I agree that US Open coming back to Chambers Bay is not a given (not even likely at this point). If enthusiasm was all it took, PGA would have come back to Sahalee.

We should have a pretty good idea by Sun afternoon of the championship.

I wonder if Sahalee would get another big event if they went all Oakmont with the chainsaws.

no way! it's a housing development, trees provide privacy for the homeowners, what little there is anyway
It's all about the golf!

Mike Hendren

  • Karma: +0/-0
Re: Next up: Chambers Bay. Sigh.
« Reply #106 on: April 30, 2015, 09:37:06 PM »
I cannot speak for the professionals, but only from personal experience.  In my opinion, with the exception of the awkward uphill drivable par four, as a group the two shot holes at Chambers Bay are as good as I've played on a modern course in this country.  For what it's worth.

Bogey
Two Corinthians walk into a bar ....

Matthew Petersen

  • Karma: +0/-0
Re: Next up: Chambers Bay. Sigh.
« Reply #107 on: May 01, 2015, 06:43:44 PM »
I would say this quote from Ryan is pretty accurate...

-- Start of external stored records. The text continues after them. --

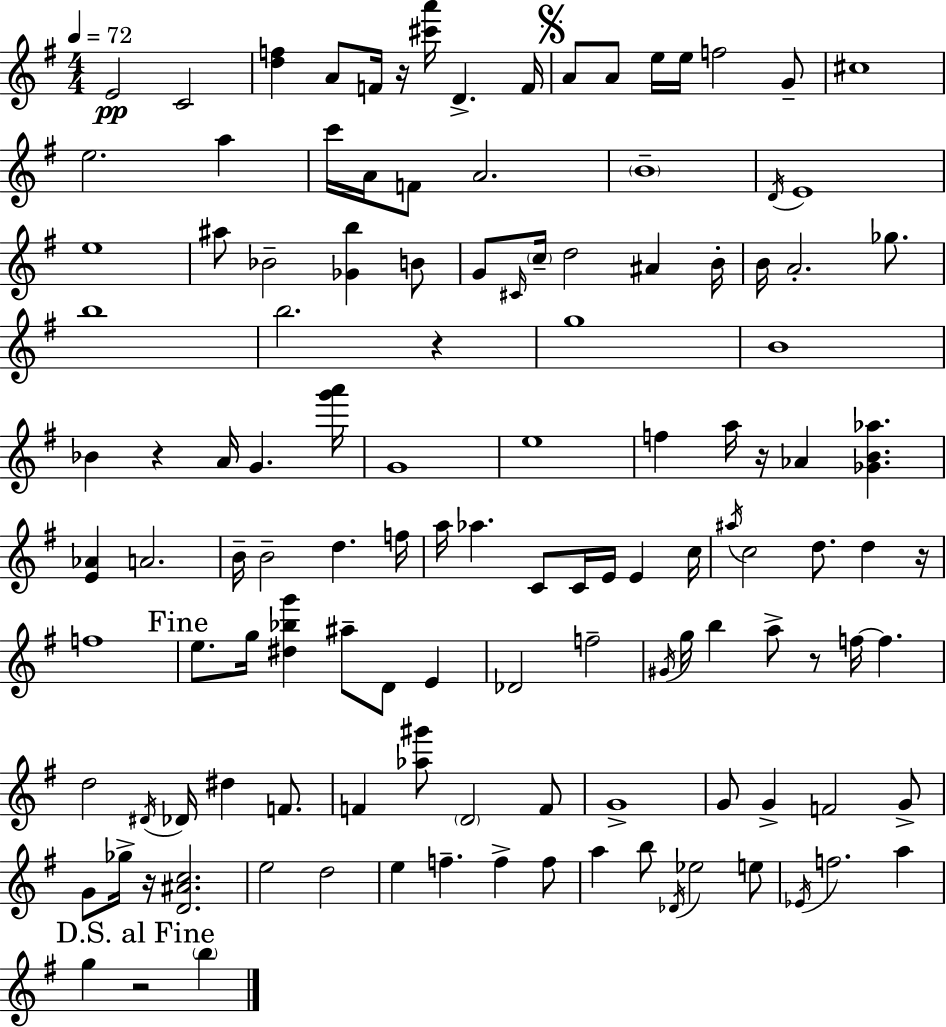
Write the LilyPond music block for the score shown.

{
  \clef treble
  \numericTimeSignature
  \time 4/4
  \key g \major
  \tempo 4 = 72
  e'2\pp c'2 | <d'' f''>4 a'8 f'16 r16 <cis''' a'''>16 d'4.-> f'16 | \mark \markup { \musicglyph "scripts.segno" } a'8 a'8 e''16 e''16 f''2 g'8-- | cis''1 | \break e''2. a''4 | c'''16 a'16 f'8 a'2. | \parenthesize b'1-- | \acciaccatura { d'16 } e'1 | \break e''1 | ais''8 bes'2-- <ges' b''>4 b'8 | g'8 \grace { cis'16 } \parenthesize c''16-- d''2 ais'4 | b'16-. b'16 a'2.-. ges''8. | \break b''1 | b''2. r4 | g''1 | b'1 | \break bes'4 r4 a'16 g'4. | <g''' a'''>16 g'1 | e''1 | f''4 a''16 r16 aes'4 <ges' b' aes''>4. | \break <e' aes'>4 a'2. | b'16-- b'2-- d''4. | f''16 a''16 aes''4. c'8 c'16 e'16 e'4 | c''16 \acciaccatura { ais''16 } c''2 d''8. d''4 | \break r16 f''1 | \mark "Fine" e''8. g''16 <dis'' bes'' g'''>4 ais''8-- d'8 e'4 | des'2 f''2-- | \acciaccatura { gis'16 } g''16 b''4 a''8-> r8 f''16~~ f''4. | \break d''2 \acciaccatura { dis'16 } des'16 dis''4 | f'8. f'4 <aes'' gis'''>8 \parenthesize d'2 | f'8 g'1-> | g'8 g'4-> f'2 | \break g'8-> g'8 ges''16-> r16 <d' ais' c''>2. | e''2 d''2 | e''4 f''4.-- f''4-> | f''8 a''4 b''8 \acciaccatura { des'16 } ees''2 | \break e''8 \acciaccatura { ees'16 } f''2. | a''4 \mark "D.S. al Fine" g''4 r2 | \parenthesize b''4 \bar "|."
} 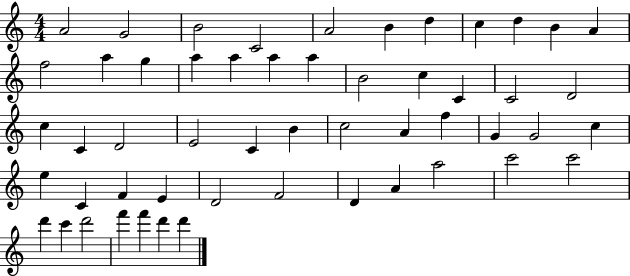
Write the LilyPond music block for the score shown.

{
  \clef treble
  \numericTimeSignature
  \time 4/4
  \key c \major
  a'2 g'2 | b'2 c'2 | a'2 b'4 d''4 | c''4 d''4 b'4 a'4 | \break f''2 a''4 g''4 | a''4 a''4 a''4 a''4 | b'2 c''4 c'4 | c'2 d'2 | \break c''4 c'4 d'2 | e'2 c'4 b'4 | c''2 a'4 f''4 | g'4 g'2 c''4 | \break e''4 c'4 f'4 e'4 | d'2 f'2 | d'4 a'4 a''2 | c'''2 c'''2 | \break d'''4 c'''4 d'''2 | f'''4 f'''4 d'''4 d'''4 | \bar "|."
} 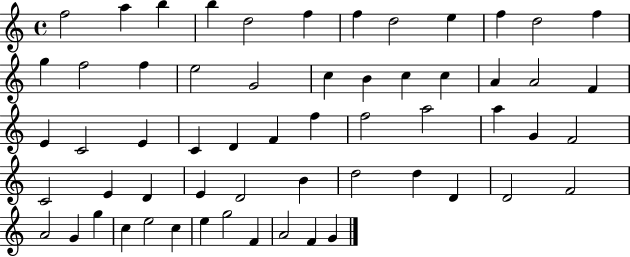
F5/h A5/q B5/q B5/q D5/h F5/q F5/q D5/h E5/q F5/q D5/h F5/q G5/q F5/h F5/q E5/h G4/h C5/q B4/q C5/q C5/q A4/q A4/h F4/q E4/q C4/h E4/q C4/q D4/q F4/q F5/q F5/h A5/h A5/q G4/q F4/h C4/h E4/q D4/q E4/q D4/h B4/q D5/h D5/q D4/q D4/h F4/h A4/h G4/q G5/q C5/q E5/h C5/q E5/q G5/h F4/q A4/h F4/q G4/q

" … The green complexes are something else. With some of the pin placements, you will see some guys play it 30 yards left, 30 yards right or 30 yards long, and next thing you know you'll have a 2 footer. Or you'll be 75 feet from the pin. … You have to spend so much time on the greens, practice rounds are going to take eight hours. Every green has like five or six greens on it."


Having never played or seen it up close I am wondering if the "Every green has like five or six greens on it." could apply to ANGC too. Certainly three or four would be true at ANGC wouldn't it?


I think that's true, and it's sort of acknowledged by players in the way they talk about the necessity of experience at Augusta. Of course, Augusta is essentially criticism-proof given their position in the game. But also since the event is there every year, there is an opportunity for players to accumulate experience there. That opportunity simply doesn't exist at Chambers Bay, where even if a guy wanted to spend a month there, he wouldn't be seeing it in anything close to tournament condition.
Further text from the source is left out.